Data 1 : NYC ( Motor Vehicle Collisions - Crashes) (https://data.cityofnewyork.us/Public-Safety/Motor-Vehicle-Collisions-Crashes/h9gi-nx95/data )
Data 2: NYC open-meteo.com (extracted as CSV)
Data 3: NYC (Motor Vehicle Collisions - Person) https://data.cityofnewyork.us/Public-Safety/Motor-Vehicle-Collisions-Person/f55k-p6yu/about_data
Github files: excel sheets (all three unclean and clean datasets), model .ipynb and .py files.
- Are there seasonal patterns in accident occurrences, and do they correlate with specific weather conditions? Is there any relationship between weather conditions and collisions?
- Predict the likelihood of an accident based on time of day, season, and weather conditions.
- Are certain age groups more likely to be involved in accidents under specific conditions? Identify high-risk age groups. Can we design targeted safety campaigns for high-risk age groups? We can classify the age group into seniors, teenagers, or maybe by generations (Genz, millennials and all) Any relationship between the type of vehicle and the frequency of the accident?
This is a list of variables included in the original export.

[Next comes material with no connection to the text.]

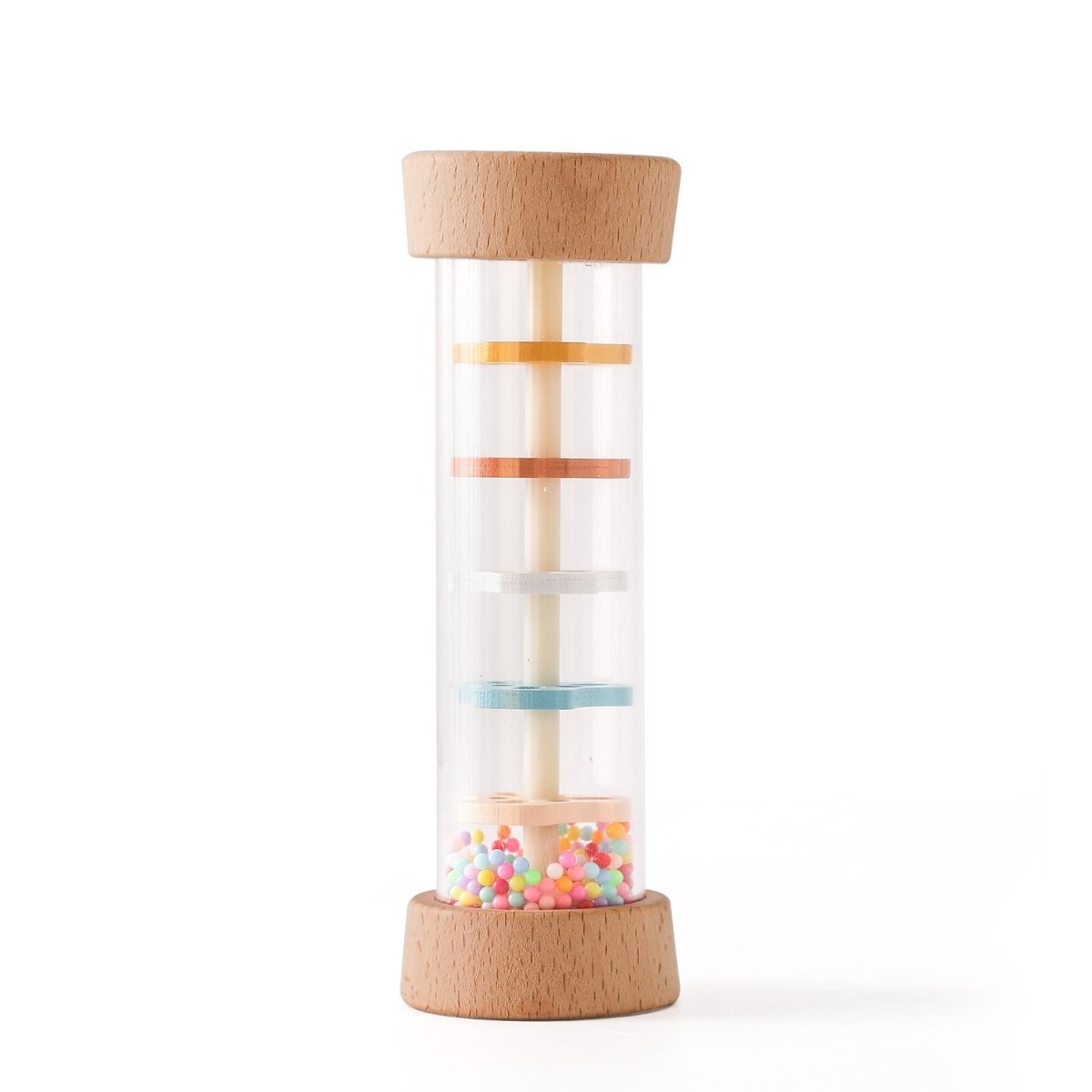 Close-up of Montessori rain sound toy showing pastel colored internal discs and rainbow beads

The final version of the cleaned dataset is available in this repository.
Data 1 (Collision Data) | Data 2 (Precipitation) | Data 3 (Demographic) |
---|---|---|
Crash date | Highest/Lowest Maximum Temperature | UNIQUE_ID |
Crash Time | Highest/Lowest Minimum Temperature | COLLISION_ID |
Borough | Highest Precipitation | CRASH_DATE |
Zip Code | Highest Snowfall | CRASH_TIME |
Latitude | Highest Snow Depth | PERSON_TYPE |
Longitude | Date | PERSON_ID |
Location | PERSON_INJURY | |
On street name | VEHICLE_ID | |
Number of persons injured | EMOTIONAL_STATUS | |
Number of persons killed | BODILY_INJURY | |
Number of pedestrians injured | POSITION_IN_VEHICLE | |
Number of pedestrians killed | SAFETY_EQUIPMENT | |
Number of cyclist injured | PED_LOCATION | |
Number of motorist injured | EJECTION | |
Number of motorist killed | PERSON_AGE | |
Contributing factor 1 |
-
Extracted datasets are CSV files from various websites.
-
Streamline the first 5 years to reduce the dataloading (2019 - 2023). 12am 31st Dec 2018 - 6:18pm 11 Nov 2024. This was the time at which the data was extracted.
-
Date and time column formatting.
-
Delete columns and fill missing data with n/a. (see the notebook for cleaning steps)
-
Limit the datasets to only 5 years.